Create datasets#
This guide demonstrates how to use observable parsing system to create a dataset for future use. With this system, you can create and use observables not only with specific classes but also with simple strings.
Start by importing the necessary modules:
import uproot
from hml.generators import Madgraph5
from hml.representations import Image
from hml.datasets import SetDataset, ImageDataset
from hml.approaches import Cut
Load generated events#
As the previous guide showed, HML can handle two cases.

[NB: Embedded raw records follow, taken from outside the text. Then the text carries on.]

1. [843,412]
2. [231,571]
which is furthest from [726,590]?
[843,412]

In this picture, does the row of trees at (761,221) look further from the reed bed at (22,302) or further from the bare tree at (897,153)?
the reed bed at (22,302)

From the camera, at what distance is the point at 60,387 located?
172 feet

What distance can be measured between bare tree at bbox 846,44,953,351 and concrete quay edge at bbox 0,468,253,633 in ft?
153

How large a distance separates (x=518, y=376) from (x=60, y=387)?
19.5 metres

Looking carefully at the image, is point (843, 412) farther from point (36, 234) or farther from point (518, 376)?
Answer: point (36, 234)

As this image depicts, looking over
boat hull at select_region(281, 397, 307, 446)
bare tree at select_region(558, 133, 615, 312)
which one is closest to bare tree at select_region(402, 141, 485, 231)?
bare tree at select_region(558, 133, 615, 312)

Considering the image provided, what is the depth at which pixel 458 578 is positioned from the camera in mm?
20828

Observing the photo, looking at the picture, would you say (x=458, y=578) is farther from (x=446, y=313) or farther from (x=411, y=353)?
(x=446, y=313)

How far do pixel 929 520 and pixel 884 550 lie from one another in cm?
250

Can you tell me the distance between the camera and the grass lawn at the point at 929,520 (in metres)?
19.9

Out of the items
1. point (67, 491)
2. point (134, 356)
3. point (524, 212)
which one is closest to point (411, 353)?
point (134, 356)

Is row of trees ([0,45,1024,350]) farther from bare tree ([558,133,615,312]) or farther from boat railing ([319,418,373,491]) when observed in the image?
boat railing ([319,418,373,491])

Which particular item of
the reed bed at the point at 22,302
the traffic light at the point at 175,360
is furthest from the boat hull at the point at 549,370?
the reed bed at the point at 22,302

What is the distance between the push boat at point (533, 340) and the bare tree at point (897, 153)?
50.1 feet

Here, we use the Madgraph5
class to fetch runs from the output directory:
sig = Madgraph5.from_output("data/pp2wz@10k", "mg5_aMC")

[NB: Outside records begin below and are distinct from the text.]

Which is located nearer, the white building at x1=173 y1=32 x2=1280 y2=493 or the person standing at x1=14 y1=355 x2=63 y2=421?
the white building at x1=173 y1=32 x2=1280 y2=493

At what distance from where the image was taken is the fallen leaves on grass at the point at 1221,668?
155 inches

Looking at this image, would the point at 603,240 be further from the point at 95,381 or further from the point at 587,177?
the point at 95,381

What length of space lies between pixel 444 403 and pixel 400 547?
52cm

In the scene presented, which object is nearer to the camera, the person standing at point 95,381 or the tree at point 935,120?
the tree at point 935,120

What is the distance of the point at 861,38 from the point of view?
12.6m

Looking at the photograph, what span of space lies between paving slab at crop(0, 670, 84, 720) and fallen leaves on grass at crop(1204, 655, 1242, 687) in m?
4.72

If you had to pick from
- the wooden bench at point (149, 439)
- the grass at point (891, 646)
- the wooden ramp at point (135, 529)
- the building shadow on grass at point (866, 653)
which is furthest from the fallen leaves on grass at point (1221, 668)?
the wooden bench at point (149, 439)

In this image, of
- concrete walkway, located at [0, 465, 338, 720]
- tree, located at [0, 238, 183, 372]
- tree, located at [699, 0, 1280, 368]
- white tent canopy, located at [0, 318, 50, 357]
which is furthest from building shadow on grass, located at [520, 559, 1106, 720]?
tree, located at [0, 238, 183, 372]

bkg = Madgraph5.from_output("data/pp2jj@10k", "mg5_aMC")
sig_events = uproot.open(sig.runs[0].events()[0])
bkg_events = uproot.open(bkg.runs[0].events()[0])
Preselection#
For the processes, we choose three observables: mass and n-subjettiness ratio of the leading fat jet, and the angular distance between the leading and subleading jets. To ensure we can obtain the observables without missing value, it’s necessary to preselect or filter events based on the number of fat jets and jets:
preselection = Cut("fatjet.size > 0 and jet.size > 1")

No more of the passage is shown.